* _Work to complete_
Please copy, exactly as they appear below, the lines from the one containing "Gjafakort EINUSINNIENN" through the one containing "饲养场围栏网有几种规格?（有哪种类）".

Items from a data source

- - -

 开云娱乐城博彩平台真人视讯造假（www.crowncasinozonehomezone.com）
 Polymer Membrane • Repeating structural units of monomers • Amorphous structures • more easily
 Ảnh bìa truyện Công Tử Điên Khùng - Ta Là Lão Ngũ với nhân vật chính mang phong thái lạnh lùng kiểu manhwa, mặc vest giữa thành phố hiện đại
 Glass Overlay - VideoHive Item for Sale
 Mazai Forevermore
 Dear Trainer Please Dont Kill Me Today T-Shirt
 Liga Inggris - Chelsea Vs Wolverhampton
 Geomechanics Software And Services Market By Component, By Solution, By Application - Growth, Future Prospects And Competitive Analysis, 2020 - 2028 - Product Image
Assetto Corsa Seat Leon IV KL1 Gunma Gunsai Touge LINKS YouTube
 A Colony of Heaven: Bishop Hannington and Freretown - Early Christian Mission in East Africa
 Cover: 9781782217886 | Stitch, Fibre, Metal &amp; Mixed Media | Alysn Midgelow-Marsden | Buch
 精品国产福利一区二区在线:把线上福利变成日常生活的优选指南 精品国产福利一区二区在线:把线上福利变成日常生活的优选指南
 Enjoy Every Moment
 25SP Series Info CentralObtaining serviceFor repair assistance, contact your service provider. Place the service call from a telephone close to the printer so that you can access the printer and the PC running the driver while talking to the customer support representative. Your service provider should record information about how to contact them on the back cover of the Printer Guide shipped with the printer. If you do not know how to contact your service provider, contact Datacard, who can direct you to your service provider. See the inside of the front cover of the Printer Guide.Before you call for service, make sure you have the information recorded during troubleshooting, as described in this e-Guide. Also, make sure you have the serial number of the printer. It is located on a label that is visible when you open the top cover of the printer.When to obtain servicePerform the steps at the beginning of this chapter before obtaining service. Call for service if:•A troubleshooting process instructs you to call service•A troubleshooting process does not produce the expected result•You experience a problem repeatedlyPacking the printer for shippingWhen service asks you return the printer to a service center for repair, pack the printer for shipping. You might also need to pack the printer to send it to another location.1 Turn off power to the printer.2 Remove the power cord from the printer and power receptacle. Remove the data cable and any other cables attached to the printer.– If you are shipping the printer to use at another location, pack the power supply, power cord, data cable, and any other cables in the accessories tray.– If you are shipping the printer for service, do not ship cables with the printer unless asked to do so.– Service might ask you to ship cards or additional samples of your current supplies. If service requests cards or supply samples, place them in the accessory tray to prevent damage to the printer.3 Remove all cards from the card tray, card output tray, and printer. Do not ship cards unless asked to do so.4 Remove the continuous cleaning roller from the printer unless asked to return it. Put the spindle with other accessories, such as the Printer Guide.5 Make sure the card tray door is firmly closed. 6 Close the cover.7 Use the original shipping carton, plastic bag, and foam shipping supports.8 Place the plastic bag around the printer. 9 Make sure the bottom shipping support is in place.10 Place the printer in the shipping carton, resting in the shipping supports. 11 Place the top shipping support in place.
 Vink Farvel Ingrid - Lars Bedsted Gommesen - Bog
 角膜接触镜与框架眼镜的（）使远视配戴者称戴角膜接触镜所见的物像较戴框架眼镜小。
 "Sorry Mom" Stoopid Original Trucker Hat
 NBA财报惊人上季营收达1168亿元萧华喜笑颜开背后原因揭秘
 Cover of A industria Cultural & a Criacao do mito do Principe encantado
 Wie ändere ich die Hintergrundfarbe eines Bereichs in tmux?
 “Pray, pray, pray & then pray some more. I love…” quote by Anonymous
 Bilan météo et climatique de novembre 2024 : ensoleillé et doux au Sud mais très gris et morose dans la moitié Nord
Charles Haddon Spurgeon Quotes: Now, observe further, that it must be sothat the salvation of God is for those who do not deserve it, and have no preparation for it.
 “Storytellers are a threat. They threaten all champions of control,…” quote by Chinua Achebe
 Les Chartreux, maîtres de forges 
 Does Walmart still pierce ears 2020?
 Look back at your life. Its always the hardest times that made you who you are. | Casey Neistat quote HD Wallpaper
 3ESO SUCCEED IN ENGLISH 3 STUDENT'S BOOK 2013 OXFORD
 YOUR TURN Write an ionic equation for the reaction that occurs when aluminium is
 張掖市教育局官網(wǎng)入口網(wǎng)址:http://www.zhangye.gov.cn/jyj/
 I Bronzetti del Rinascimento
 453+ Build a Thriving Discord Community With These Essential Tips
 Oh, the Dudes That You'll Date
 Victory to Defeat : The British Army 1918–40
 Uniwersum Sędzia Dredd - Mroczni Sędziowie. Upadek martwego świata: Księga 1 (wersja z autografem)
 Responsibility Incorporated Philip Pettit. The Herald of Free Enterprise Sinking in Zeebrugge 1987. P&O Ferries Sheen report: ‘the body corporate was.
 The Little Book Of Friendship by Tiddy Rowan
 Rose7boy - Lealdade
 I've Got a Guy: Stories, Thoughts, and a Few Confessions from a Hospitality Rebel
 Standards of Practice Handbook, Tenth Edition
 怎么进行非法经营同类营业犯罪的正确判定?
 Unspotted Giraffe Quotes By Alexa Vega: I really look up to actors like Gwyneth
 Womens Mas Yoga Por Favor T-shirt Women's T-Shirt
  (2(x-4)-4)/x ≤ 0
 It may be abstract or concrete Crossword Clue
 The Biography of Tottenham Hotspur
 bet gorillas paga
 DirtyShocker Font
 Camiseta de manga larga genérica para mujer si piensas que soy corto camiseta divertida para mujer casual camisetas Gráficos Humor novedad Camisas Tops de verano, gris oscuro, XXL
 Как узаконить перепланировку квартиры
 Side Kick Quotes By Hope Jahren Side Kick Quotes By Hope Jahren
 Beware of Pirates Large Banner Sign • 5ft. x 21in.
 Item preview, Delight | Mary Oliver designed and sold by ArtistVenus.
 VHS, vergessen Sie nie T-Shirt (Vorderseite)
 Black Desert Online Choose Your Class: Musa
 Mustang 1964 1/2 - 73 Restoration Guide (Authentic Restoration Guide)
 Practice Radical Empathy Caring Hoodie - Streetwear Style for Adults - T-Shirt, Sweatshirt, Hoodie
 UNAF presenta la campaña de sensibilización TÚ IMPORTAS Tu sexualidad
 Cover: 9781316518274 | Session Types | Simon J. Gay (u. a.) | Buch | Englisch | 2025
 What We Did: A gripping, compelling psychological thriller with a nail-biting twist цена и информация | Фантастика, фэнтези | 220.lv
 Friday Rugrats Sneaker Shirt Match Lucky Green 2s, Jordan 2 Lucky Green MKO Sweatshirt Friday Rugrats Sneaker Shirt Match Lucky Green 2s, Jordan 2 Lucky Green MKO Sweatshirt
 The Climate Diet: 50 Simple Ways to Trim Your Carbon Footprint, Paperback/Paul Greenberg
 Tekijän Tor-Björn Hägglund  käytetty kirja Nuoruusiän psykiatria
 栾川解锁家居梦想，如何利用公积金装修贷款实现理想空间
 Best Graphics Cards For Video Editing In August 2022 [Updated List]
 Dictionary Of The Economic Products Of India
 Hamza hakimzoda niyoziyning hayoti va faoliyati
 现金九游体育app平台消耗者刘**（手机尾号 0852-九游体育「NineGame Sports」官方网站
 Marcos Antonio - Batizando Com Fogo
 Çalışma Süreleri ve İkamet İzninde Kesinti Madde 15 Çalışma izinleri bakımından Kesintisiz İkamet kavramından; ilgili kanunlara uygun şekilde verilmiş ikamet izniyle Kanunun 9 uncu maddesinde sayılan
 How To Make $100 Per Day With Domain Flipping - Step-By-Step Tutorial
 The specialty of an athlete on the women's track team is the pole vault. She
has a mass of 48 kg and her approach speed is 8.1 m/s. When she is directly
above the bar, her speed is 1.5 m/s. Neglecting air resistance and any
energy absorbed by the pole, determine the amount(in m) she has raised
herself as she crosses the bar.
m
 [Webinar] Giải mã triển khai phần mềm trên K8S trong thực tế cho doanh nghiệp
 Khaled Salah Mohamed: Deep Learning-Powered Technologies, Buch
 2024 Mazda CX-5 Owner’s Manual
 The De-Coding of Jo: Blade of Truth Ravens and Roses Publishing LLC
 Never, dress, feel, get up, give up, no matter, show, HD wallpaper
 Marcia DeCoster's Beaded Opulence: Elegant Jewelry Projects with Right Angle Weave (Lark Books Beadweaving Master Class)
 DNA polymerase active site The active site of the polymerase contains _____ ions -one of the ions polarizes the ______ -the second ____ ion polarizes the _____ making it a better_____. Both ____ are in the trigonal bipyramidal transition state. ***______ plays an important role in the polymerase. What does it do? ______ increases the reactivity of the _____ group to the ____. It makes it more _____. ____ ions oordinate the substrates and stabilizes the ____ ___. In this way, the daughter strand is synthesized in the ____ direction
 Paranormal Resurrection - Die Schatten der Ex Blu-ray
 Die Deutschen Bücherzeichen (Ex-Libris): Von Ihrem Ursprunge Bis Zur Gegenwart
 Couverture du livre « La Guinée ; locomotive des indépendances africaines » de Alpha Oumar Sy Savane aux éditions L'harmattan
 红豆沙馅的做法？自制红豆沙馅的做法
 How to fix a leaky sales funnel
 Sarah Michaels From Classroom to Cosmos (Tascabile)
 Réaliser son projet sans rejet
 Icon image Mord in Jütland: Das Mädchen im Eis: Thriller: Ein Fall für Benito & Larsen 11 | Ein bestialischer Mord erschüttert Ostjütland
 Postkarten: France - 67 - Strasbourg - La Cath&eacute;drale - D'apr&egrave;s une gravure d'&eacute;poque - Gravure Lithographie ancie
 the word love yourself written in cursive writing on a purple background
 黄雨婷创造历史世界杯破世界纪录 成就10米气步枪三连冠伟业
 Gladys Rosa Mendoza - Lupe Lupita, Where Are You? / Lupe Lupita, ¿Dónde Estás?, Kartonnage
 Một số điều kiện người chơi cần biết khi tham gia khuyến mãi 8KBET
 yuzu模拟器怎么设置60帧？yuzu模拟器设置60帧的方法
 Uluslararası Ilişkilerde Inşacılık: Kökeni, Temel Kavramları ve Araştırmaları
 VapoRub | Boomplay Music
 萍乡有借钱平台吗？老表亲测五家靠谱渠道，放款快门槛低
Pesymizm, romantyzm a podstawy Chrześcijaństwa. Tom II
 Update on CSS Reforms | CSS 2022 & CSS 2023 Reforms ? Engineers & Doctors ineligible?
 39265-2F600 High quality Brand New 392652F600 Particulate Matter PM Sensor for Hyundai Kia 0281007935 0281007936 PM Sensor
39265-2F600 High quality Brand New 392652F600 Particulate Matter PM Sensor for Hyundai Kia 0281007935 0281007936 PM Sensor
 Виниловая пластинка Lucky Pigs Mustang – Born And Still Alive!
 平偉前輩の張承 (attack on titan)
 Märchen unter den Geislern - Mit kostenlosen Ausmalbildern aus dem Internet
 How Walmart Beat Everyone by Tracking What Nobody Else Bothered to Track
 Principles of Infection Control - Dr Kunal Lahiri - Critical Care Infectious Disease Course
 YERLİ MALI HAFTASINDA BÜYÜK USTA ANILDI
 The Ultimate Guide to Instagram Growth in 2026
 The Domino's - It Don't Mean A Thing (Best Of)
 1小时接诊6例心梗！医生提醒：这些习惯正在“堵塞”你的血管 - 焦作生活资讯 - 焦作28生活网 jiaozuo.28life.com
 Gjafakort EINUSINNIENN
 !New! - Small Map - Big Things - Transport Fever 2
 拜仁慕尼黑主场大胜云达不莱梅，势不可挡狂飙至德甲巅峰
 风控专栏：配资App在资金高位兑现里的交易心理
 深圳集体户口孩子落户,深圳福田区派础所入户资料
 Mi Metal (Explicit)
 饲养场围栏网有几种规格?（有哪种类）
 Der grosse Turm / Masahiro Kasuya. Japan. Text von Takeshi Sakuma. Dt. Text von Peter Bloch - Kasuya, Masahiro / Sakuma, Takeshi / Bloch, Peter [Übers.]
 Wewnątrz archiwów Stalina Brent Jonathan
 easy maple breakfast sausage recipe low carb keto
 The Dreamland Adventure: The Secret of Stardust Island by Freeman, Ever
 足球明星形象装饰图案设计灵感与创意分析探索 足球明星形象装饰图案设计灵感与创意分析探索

- - -

* _Written response_
 Gjafakort EINUSINNIENN
 !New! - Small Map - Big Things - Transport Fever 2
 拜仁慕尼黑主场大胜云达不莱梅，势不可挡狂飙至德甲巅峰
 风控专栏：配资App在资金高位兑现里的交易心理
 深圳集体户口孩子落户,深圳福田区派础所入户资料
 Mi Metal (Explicit)
 饲养场围栏网有几种规格?（有哪种类）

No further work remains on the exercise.